-- DATA FOR ANALYSIS --
--- START ---

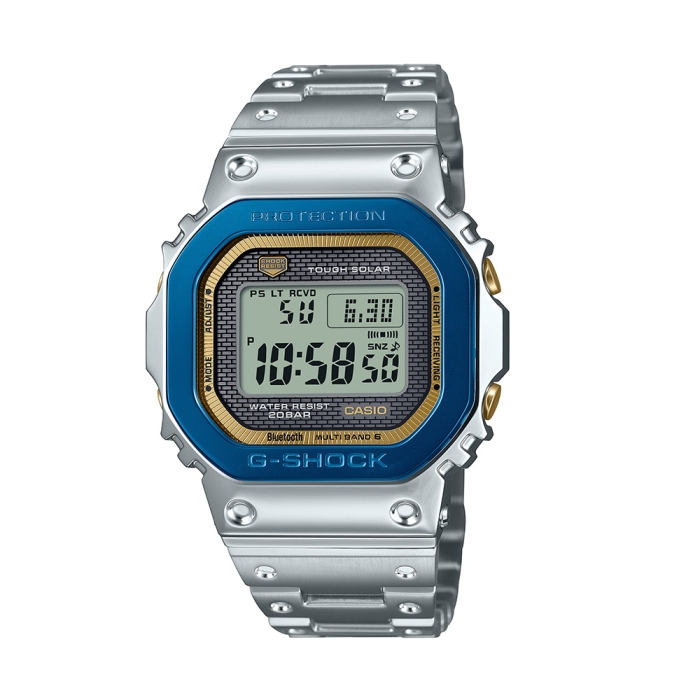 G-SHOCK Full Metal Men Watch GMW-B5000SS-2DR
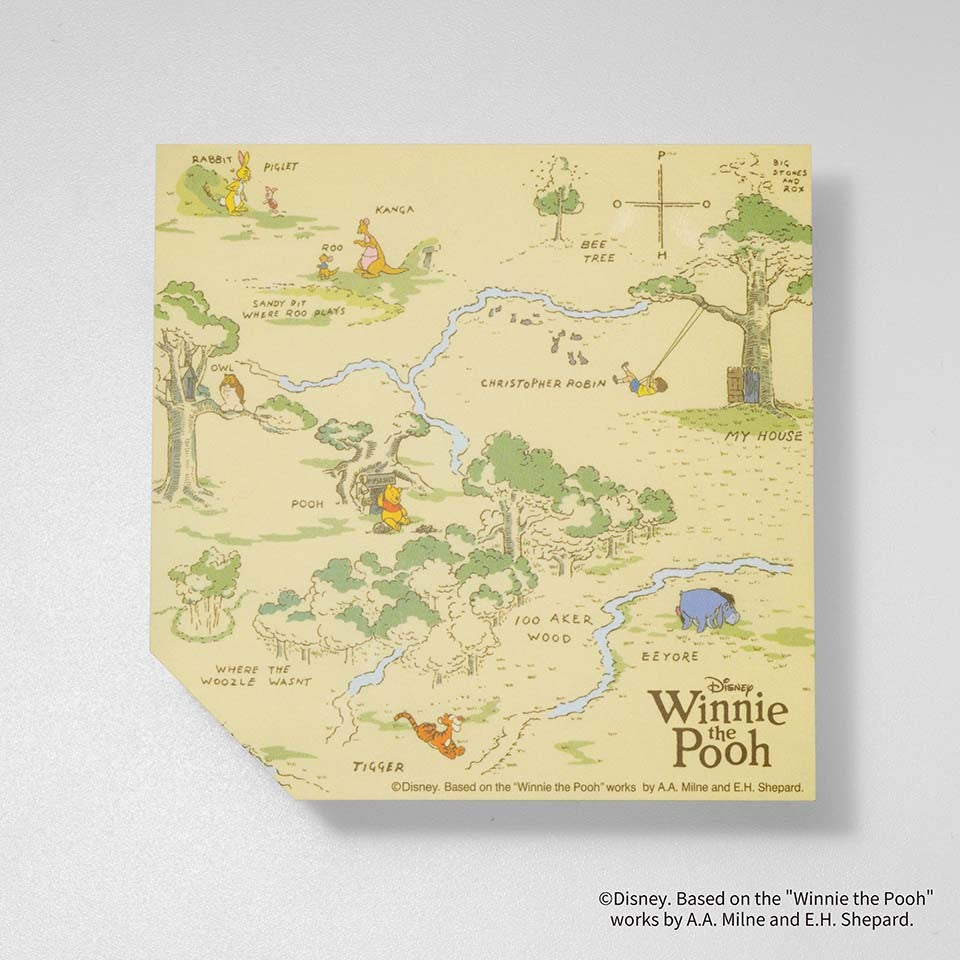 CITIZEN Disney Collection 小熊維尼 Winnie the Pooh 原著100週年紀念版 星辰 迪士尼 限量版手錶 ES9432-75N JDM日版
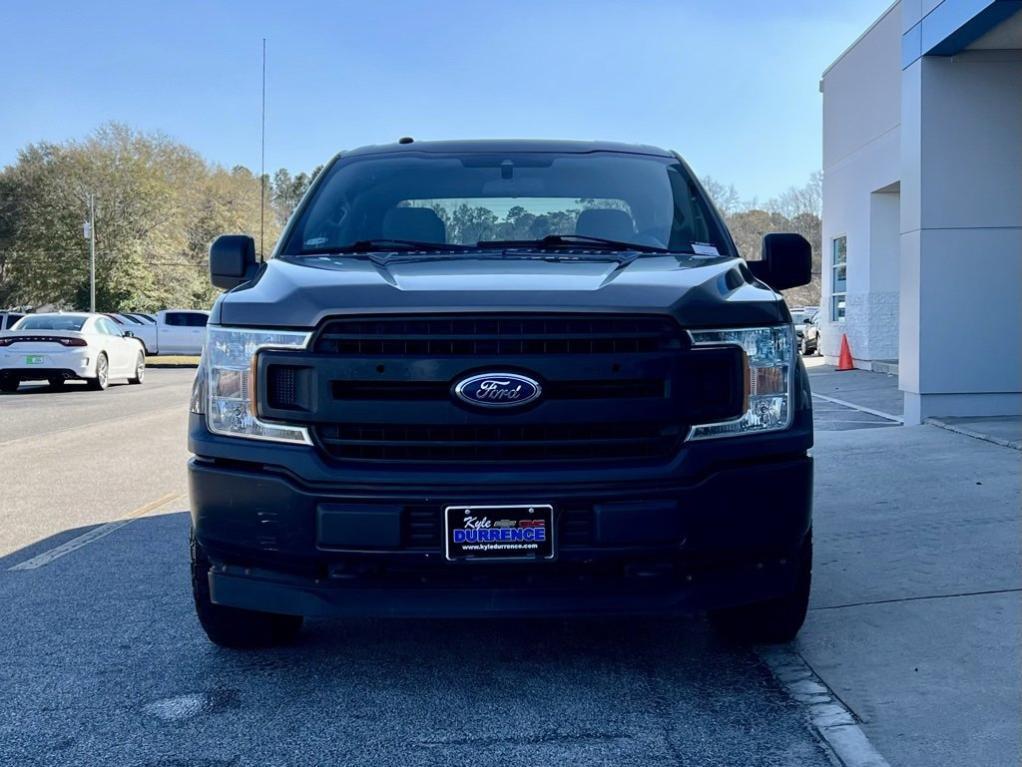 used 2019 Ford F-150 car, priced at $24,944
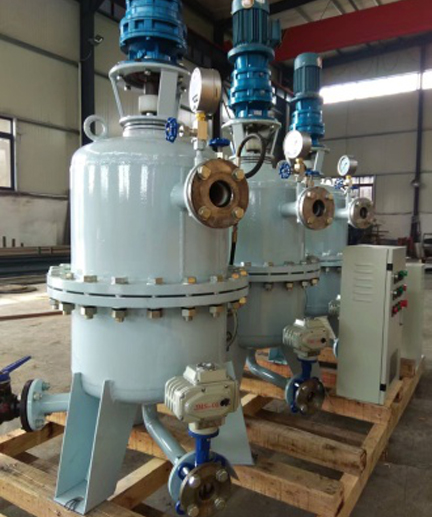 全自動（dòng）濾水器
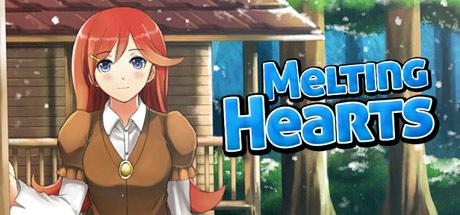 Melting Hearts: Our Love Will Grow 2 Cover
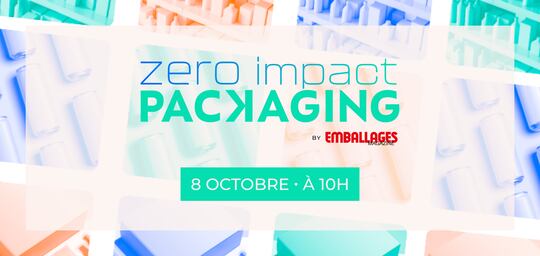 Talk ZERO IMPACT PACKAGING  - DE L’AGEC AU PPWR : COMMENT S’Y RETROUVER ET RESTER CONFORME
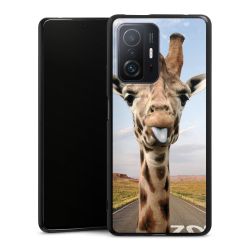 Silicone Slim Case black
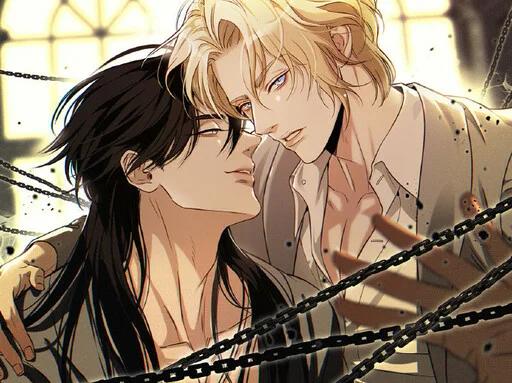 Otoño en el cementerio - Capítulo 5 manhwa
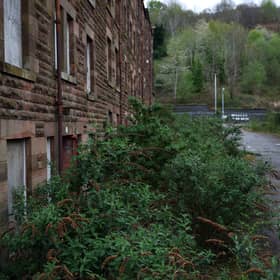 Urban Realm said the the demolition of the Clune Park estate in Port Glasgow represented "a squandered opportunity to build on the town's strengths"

--- END ---
--- START ---

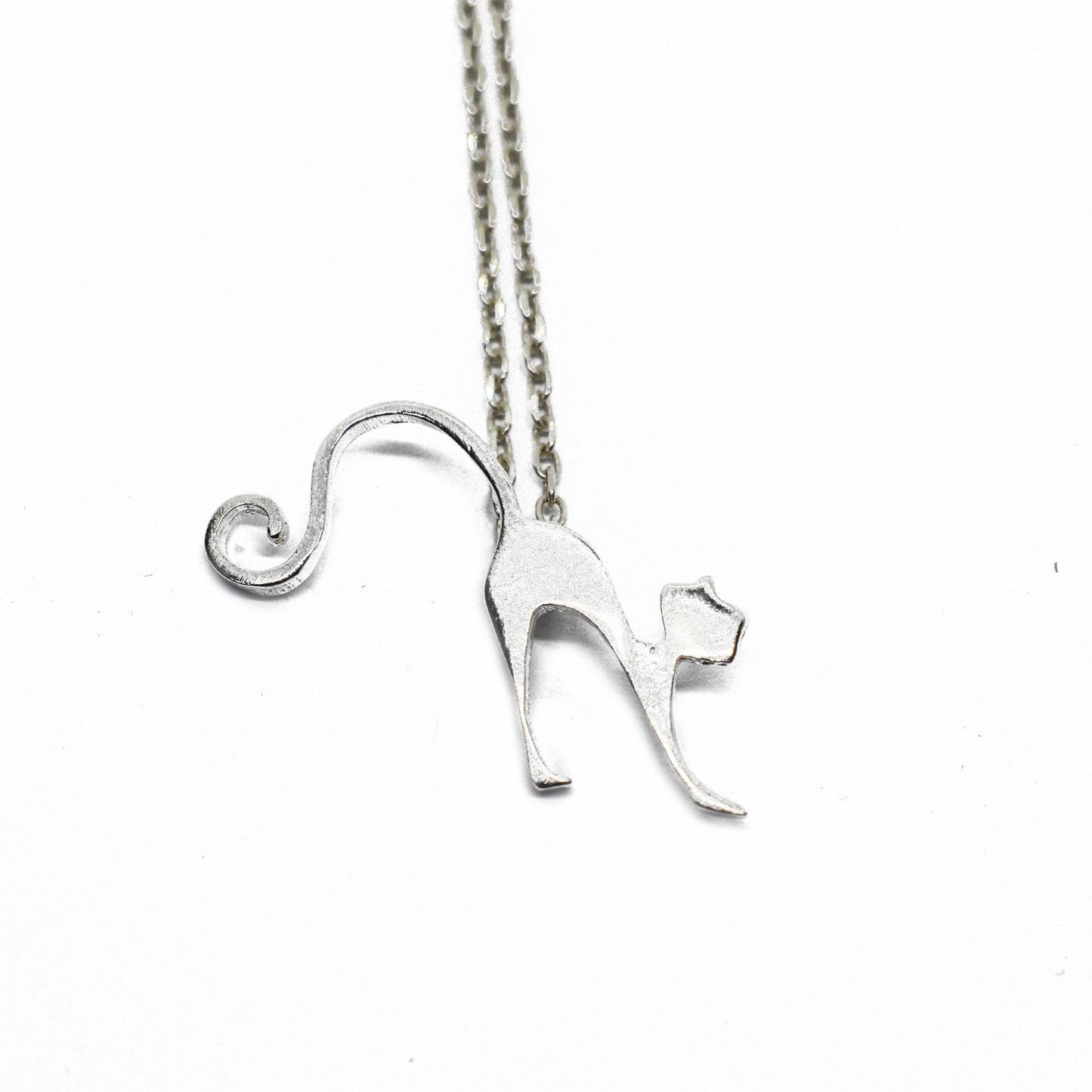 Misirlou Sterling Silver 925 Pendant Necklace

--- END ---

-- PROBLEM --
Repeat exactly the lines above, beginning at the one containing "CITIZEN Disney Collection" and ending at the one containing "Urban Realm said". Do not carry over any pictures.

-- TASK ANSWER --
 CITIZEN Disney Collection 小熊維尼 Winnie the Pooh 原著100週年紀念版 星辰 迪士尼 限量版手錶 ES9432-75N JDM日版
 used 2019 Ford F-150 car, priced at $24,944
 全自動（dòng）濾水器
 Melting Hearts: Our Love Will Grow 2 Cover
 Talk ZERO IMPACT PACKAGING  - DE L’AGEC AU PPWR : COMMENT S’Y RETROUVER ET RESTER CONFORME
 Silicone Slim Case black
 Otoño en el cementerio - Capítulo 5 manhwa
 Urban Realm said the the demolition of the Clune Park estate in Port Glasgow represented "a squandered opportunity to build on the town's strengths"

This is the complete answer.